***** Extracted entries
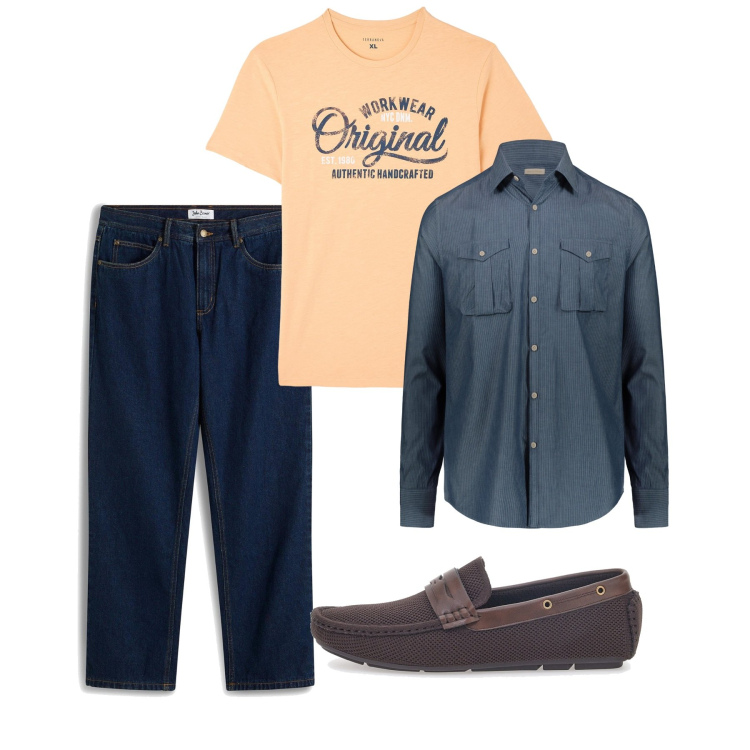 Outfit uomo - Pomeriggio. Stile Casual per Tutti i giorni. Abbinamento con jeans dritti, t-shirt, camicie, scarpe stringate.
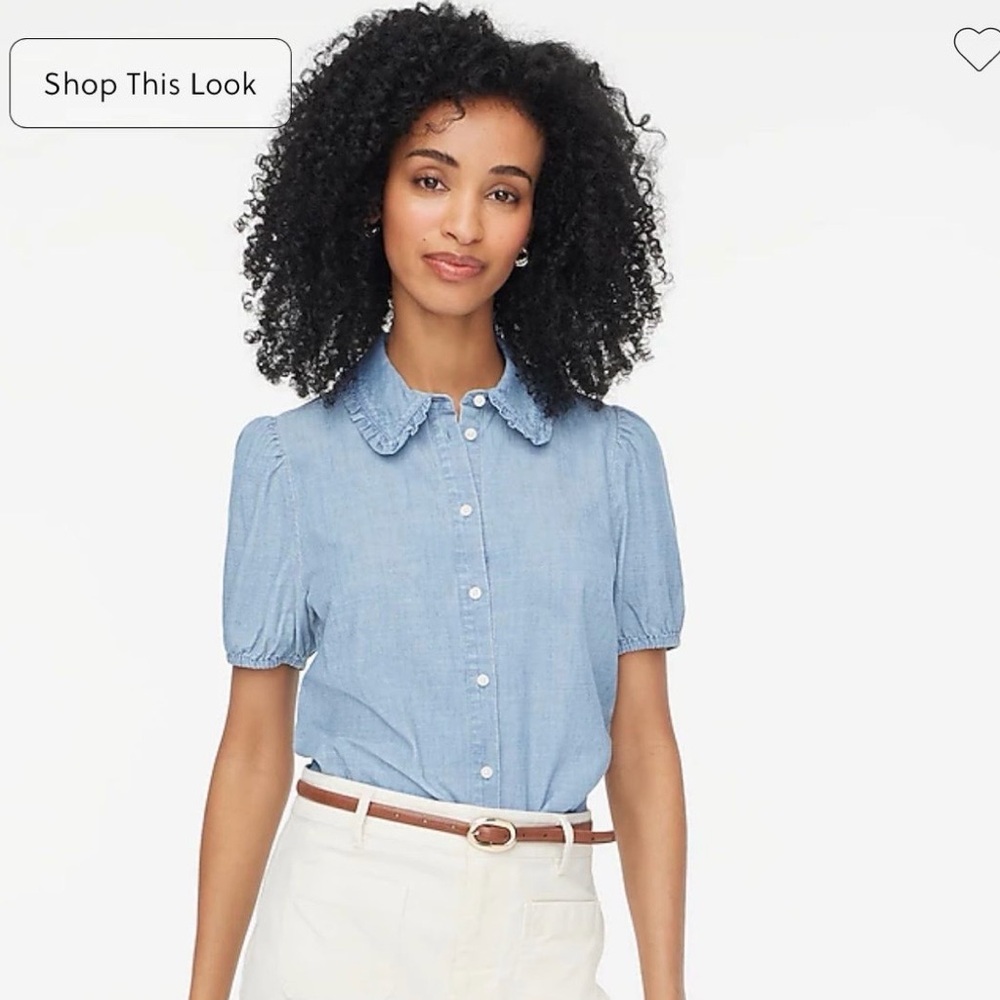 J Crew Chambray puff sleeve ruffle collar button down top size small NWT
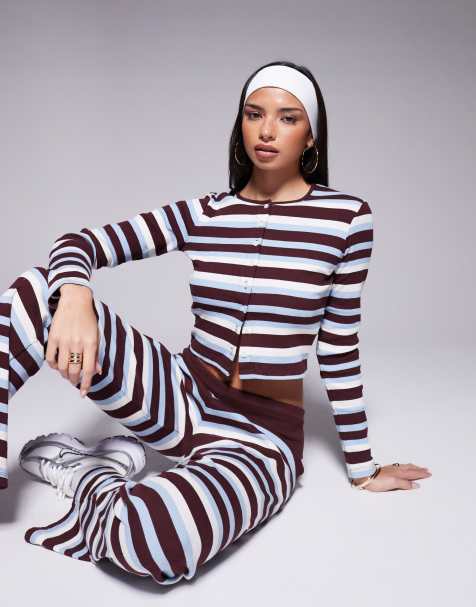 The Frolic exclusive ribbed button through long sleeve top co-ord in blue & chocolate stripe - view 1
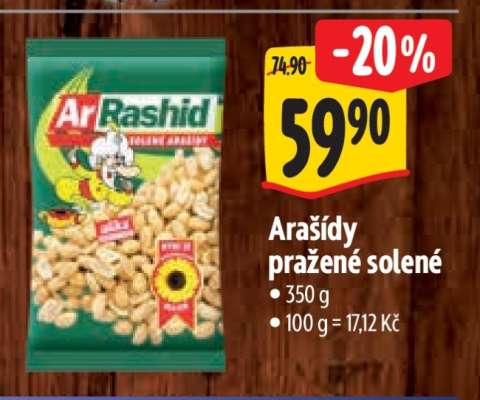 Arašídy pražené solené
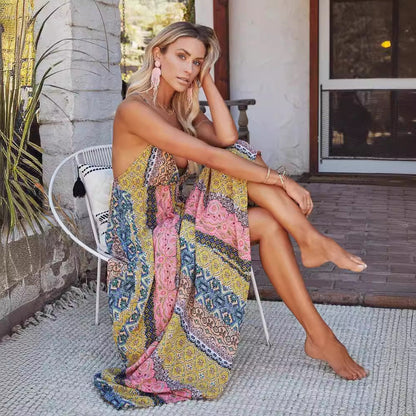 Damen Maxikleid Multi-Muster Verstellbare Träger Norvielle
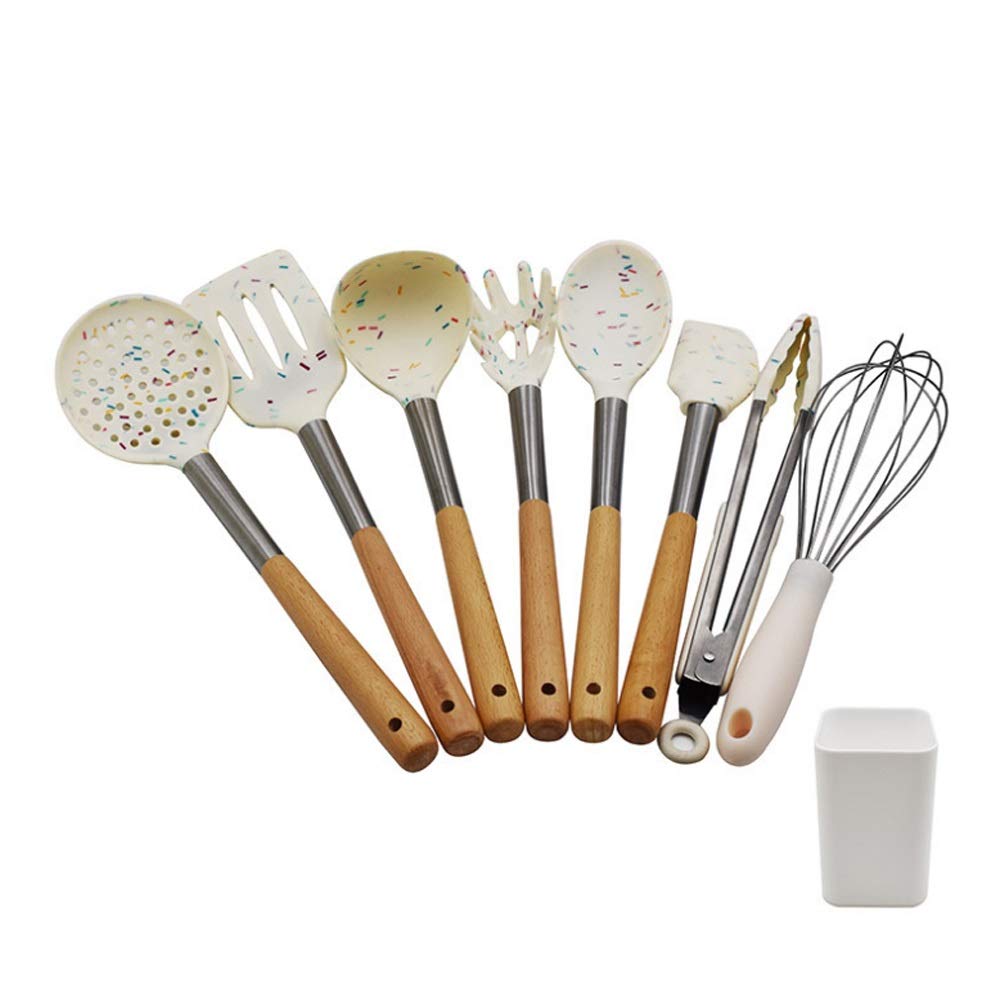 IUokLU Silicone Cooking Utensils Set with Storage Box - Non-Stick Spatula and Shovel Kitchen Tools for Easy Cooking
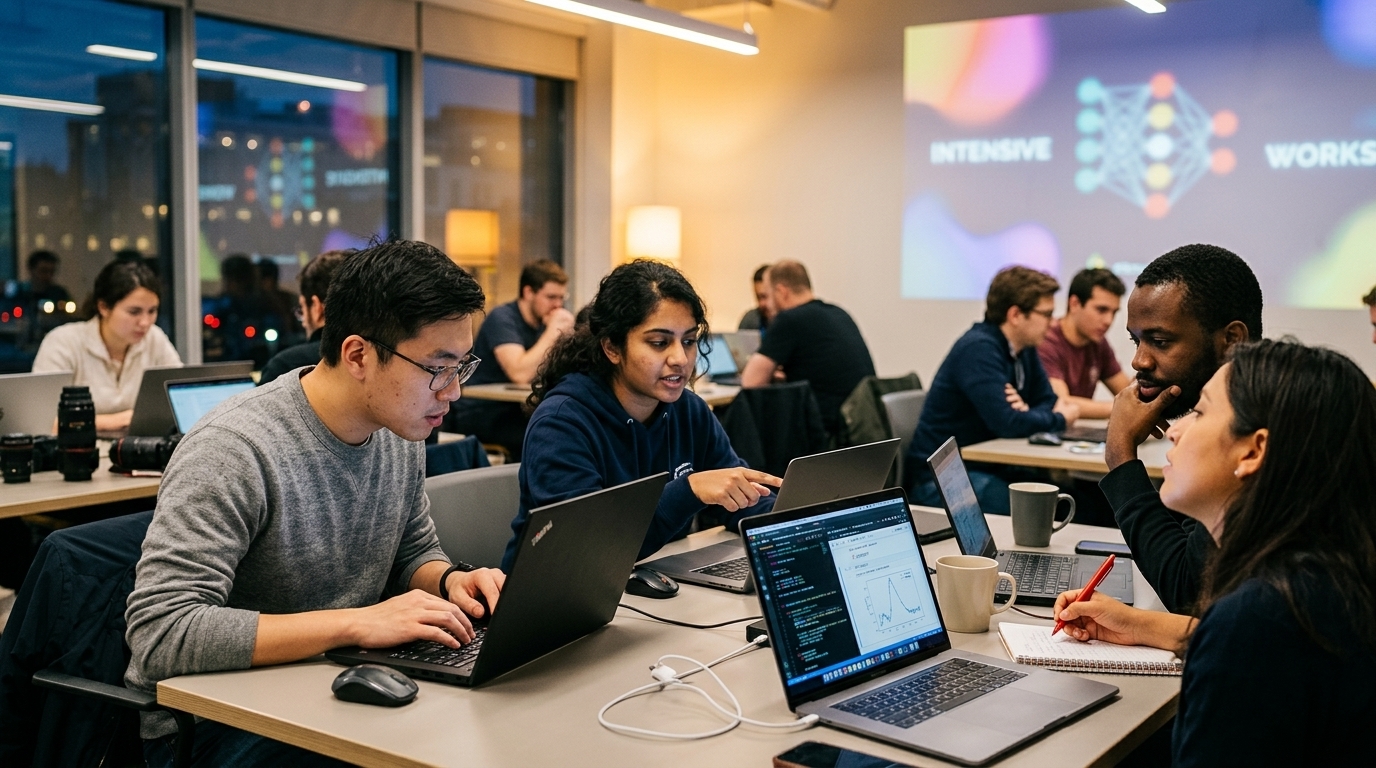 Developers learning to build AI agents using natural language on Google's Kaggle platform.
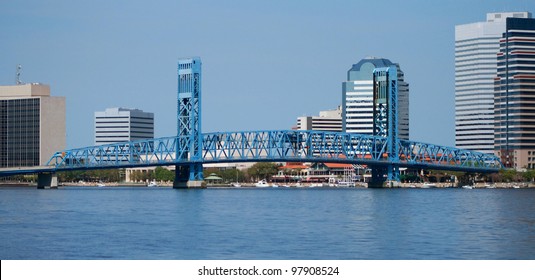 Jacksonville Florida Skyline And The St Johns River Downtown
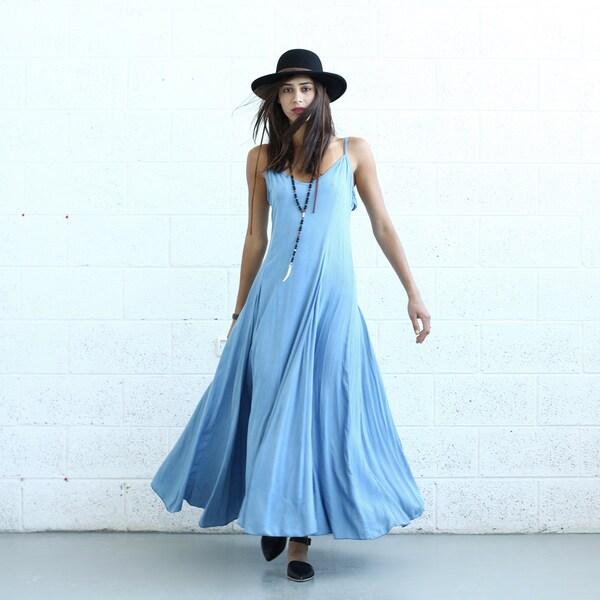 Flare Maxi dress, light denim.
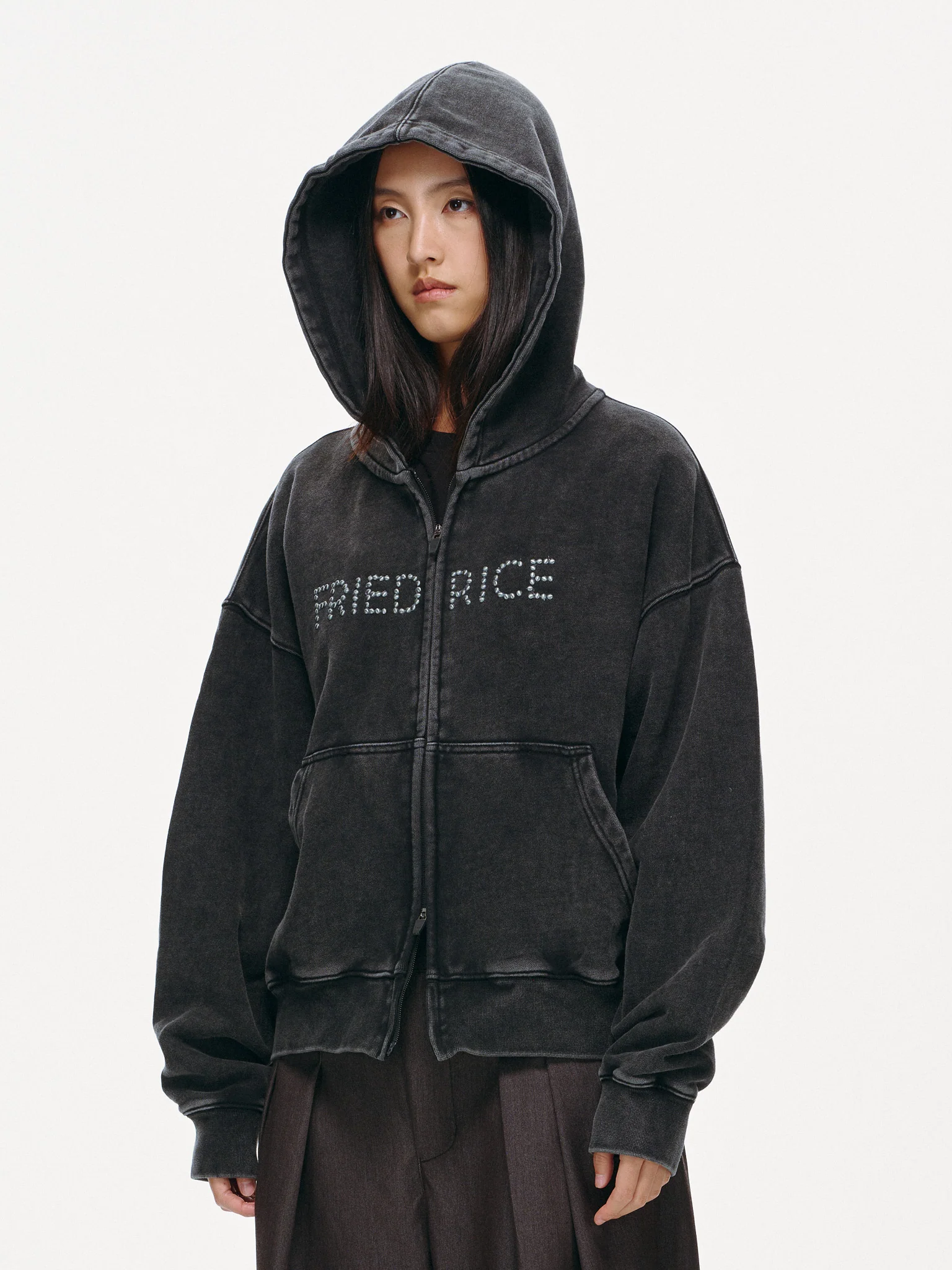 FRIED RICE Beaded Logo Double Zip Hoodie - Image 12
**********
Leaving out the pictures, output the listing above exactly as given.

 Outfit uomo - Pomeriggio. Stile Casual per Tutti i giorni. Abbinamento con jeans dritti, t-shirt, camicie, scarpe stringate.
 J Crew Chambray puff sleeve ruffle collar button down top size small NWT
 The Frolic exclusive ribbed button through long sleeve top co-ord in blue & chocolate stripe - view 1
 Arašídy pražené solené
 Damen Maxikleid Multi-Muster Verstellbare Träger Norvielle
 IUokLU Silicone Cooking Utensils Set with Storage Box - Non-Stick Spatula and Shovel Kitchen Tools for Easy Cooking
 Developers learning to build AI agents using natural language on Google's Kaggle platform.
 Jacksonville Florida Skyline And The St Johns River Downtown
 Flare Maxi dress, light denim.
 FRIED RICE Beaded Logo Double Zip Hoodie - Image 12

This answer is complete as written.